Autobytel provides products and programs to automotive dealers and manufacturers to help them increase marketing efficiency and reduce customer acquisition costs.
Autobytel is a Delaware corporation incorporated on May 17, 1996. Its principal corporate offices are located in Irvine, California. Autobytel completed an initial public offering in March 1999 and its common stock is listed on the Nasdaq National Market under the symbol ABTL.

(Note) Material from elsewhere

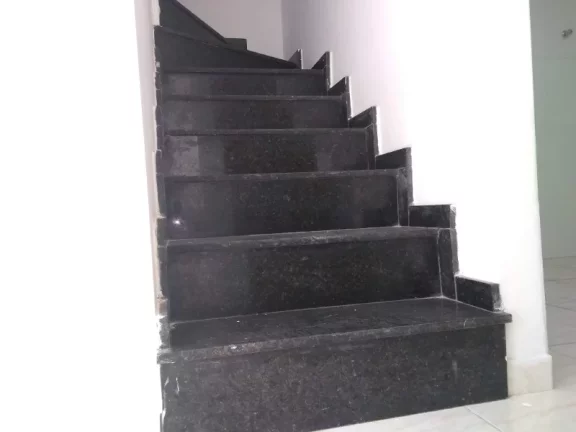 Imagem Sobrado novo à venda na Rua Sebastião Miguel da Silva - Cidade Lider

2. Summary of Significant Accounting Policies
Unaudited Interim Financial Statements
The accompanying interim consolidated financial statements as of March 31, 2004, and for the three months ended March 31, 2004 and 2003, are unaudited. The unaudited interim consolidated financial statements have been prepared on the same basis as the audited annual consolidated financial statements and, in the opinion of Autobytels management, reflect all adjustments, which are of a normal recurring nature, necessary to fairly state Autobytels consolidated balance sheets and statements of operations and cash flows for the periods presented in accordance with accounting principles generally accepted in the United States. Autobytels results for an interim period are not necessarily indicative of the results that may be expected for the year.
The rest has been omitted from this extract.